LIHU‘E — A garden gathering planted seeds that will grow island-wide as a full house greeted Natalie “Hiwahiwa” Joyce-Maeda, garden coordinator at Elsie Wilcox Elementary School, Punanaleo preschools and Kawaikini school, and Colleen Carroll, the Kaua‘i School Garden Network Director for Malama Kaua‘i.
“When I saw what was taking place at Wilcox School during a visit, I thought it would be nice to get all of the people involved in school gardens together so ideas could be exchanged and discussions on their respective gardens would yield more productive gardens,” Carroll said. “Right now, a lot of the people who work on the school gardens work in relative isolation. This way, they can all come together for some idea exchanges and productive talk story.”
Participants were given a tour of the different grade-level gardens that dot the Wilcox School campus and got an explanation of how the school gardens are tied to classroom learning at the event sponsored by Wilcox School, Malama Kaua‘i, State Farm Insurance and Ho‘ola Lahui Hawai‘i.

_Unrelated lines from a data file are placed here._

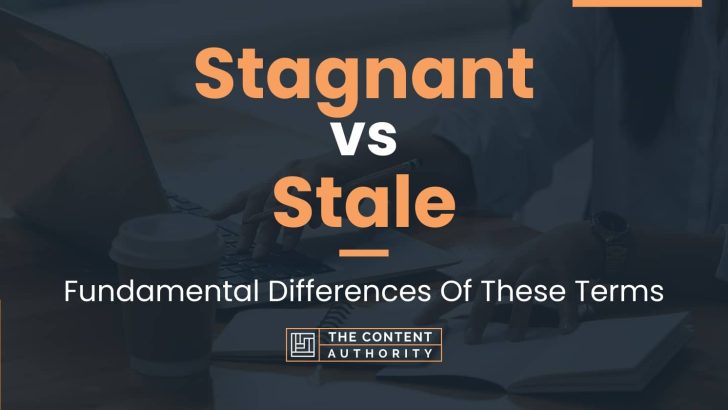 Stagnant vs Stale: Fundamental Differences Of These Terms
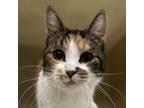 Adopt Sissy a Domestic Short Hair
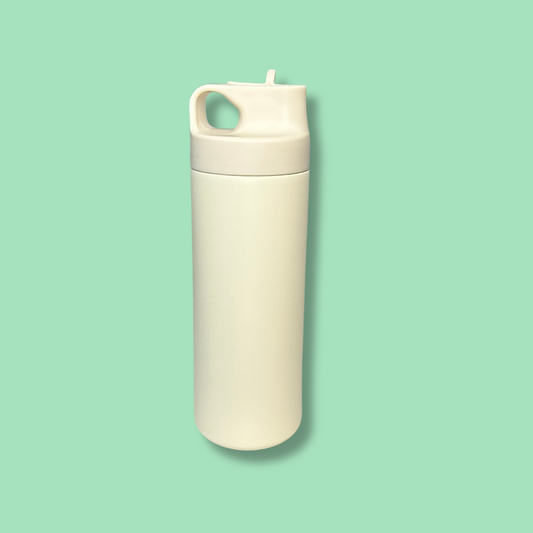 Twin Wall Vacuum Insulated Bottle with Lid and Straw (500ml)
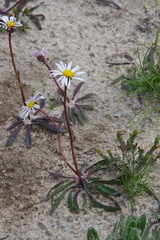 Allittia uliginosa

The tours and discussions included an explanation of how one of the oldest continuously productive hydroponic greenhouses has persisted through the years, and the morning was spiced up with refreshing beverages including a cucumber and mint cooler, lemon water and a pineapple-coconut-basil offering. Participants also learned to make their own beverages and treats from local garden harvests.

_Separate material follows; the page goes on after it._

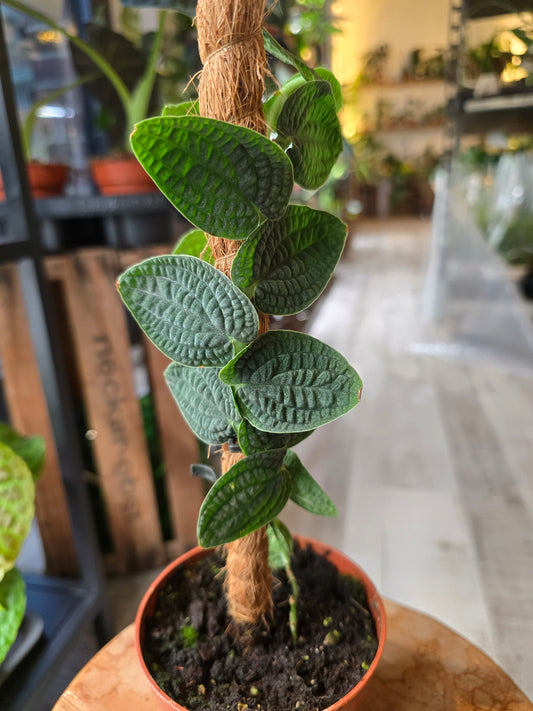 Rhaphidophora tenuis 'Silver'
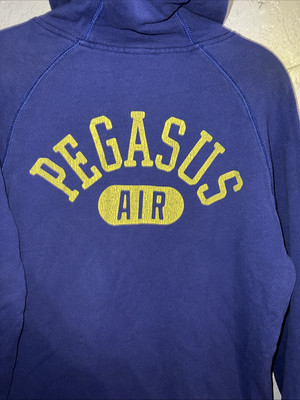 nike pegasus hoodie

The itinerary was geared to strengthen the Kaua‘i School Garden programs individually and collectively.
“When I was a teacher here at Wilcox, I used to see the ‘white house,’ and now, I have an opportunity to find out more,” said Nancy Budd, the state Board of Education’s Kaua‘i representative. “It’s interesting to see the work being done on school gardens. Now we need to see how it can connect with the larger studies in agriculture.”
Terry Proctor, principal of Wilcox School, said the school features grade level-specific gardens, including an herb garden for kindergarteners and a life-cycle garden created with recycled synthetic barrels.
“One of the containers even has a gutter to help recycle the nutrient water,” Proctor said. “The teacher got help after discussing this with the Malama Kaua‘i people, who suggested the setup.”
Diane Shoemaker of Kekaha Community Garden said the gathering was timely for her, because Kekaha Community Garden is embarking on its own community seminars and she could gather ideas of what and how to present topics for the Westside community.
Sam Henriques, who coordinates the gardening program for St. Catherine School, said her gardens need revamping and was using the gathering to get ideas on how to do her garden renovation work, which will take place once school lets out for summer.
“This way, hopefully the gardens will be ready when the students return and they can plant seeds right away,” Henriques said.